START SUPPLIED DATA

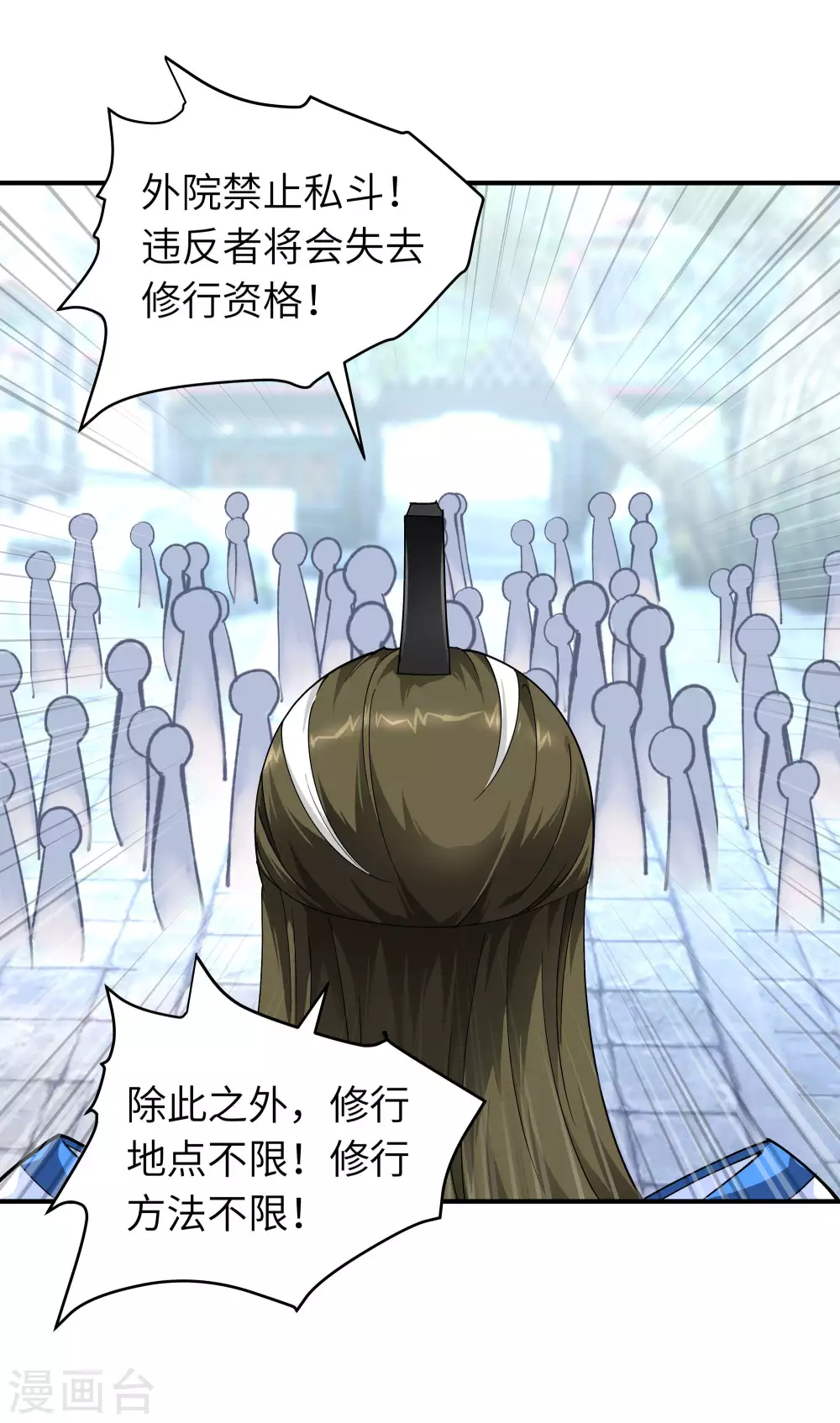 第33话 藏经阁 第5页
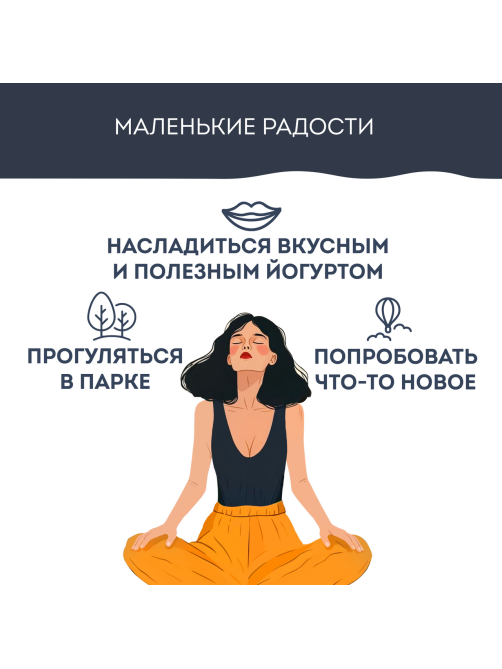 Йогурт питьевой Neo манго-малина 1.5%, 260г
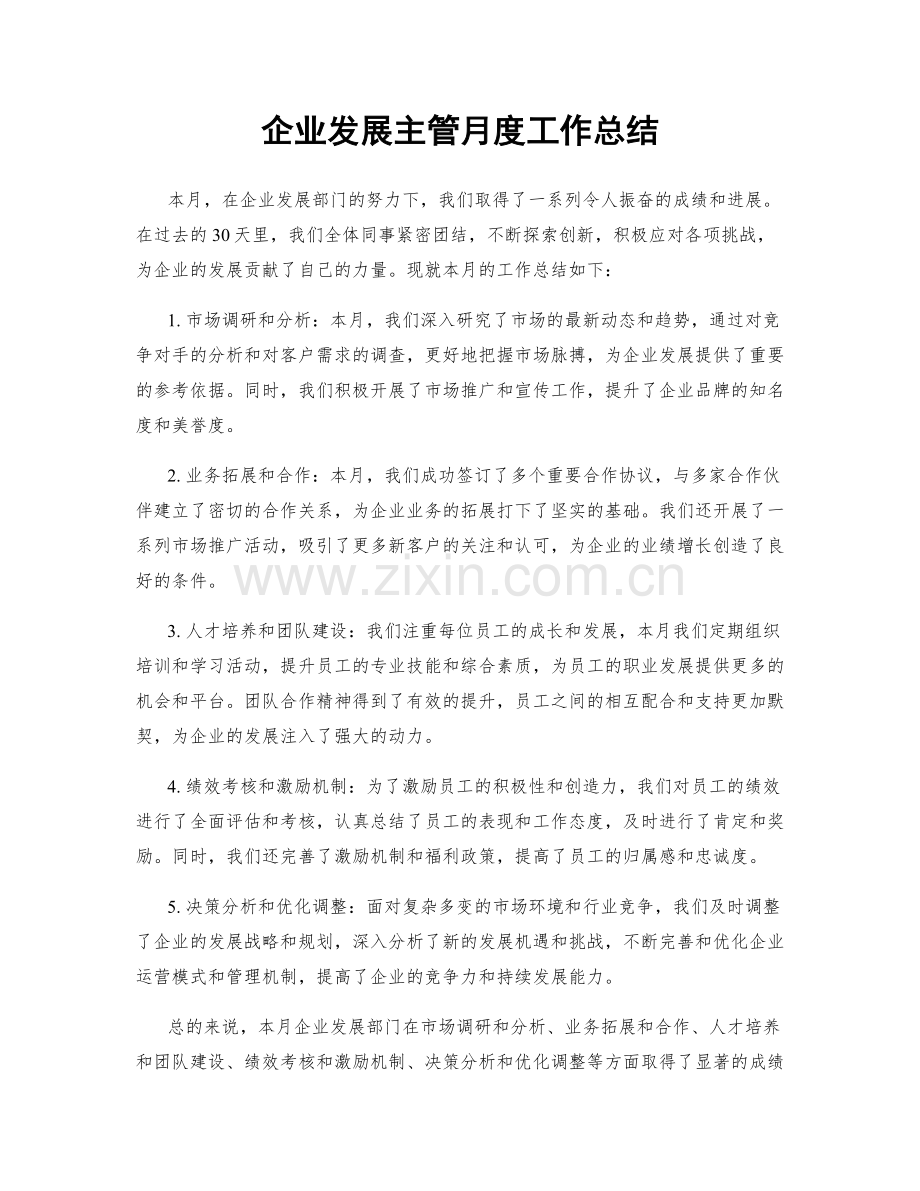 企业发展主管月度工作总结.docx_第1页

END SUPPLIED DATA

=== WHAT TO WORK ON ===
Write the listing again exactly, duplicating every line and skipping the pictures.

=== RESPONSE AREA ===
 第33话 藏经阁 第5页
 Йогурт питьевой Neo манго-малина 1.5%, 260г
 企业发展主管月度工作总结.docx_第1页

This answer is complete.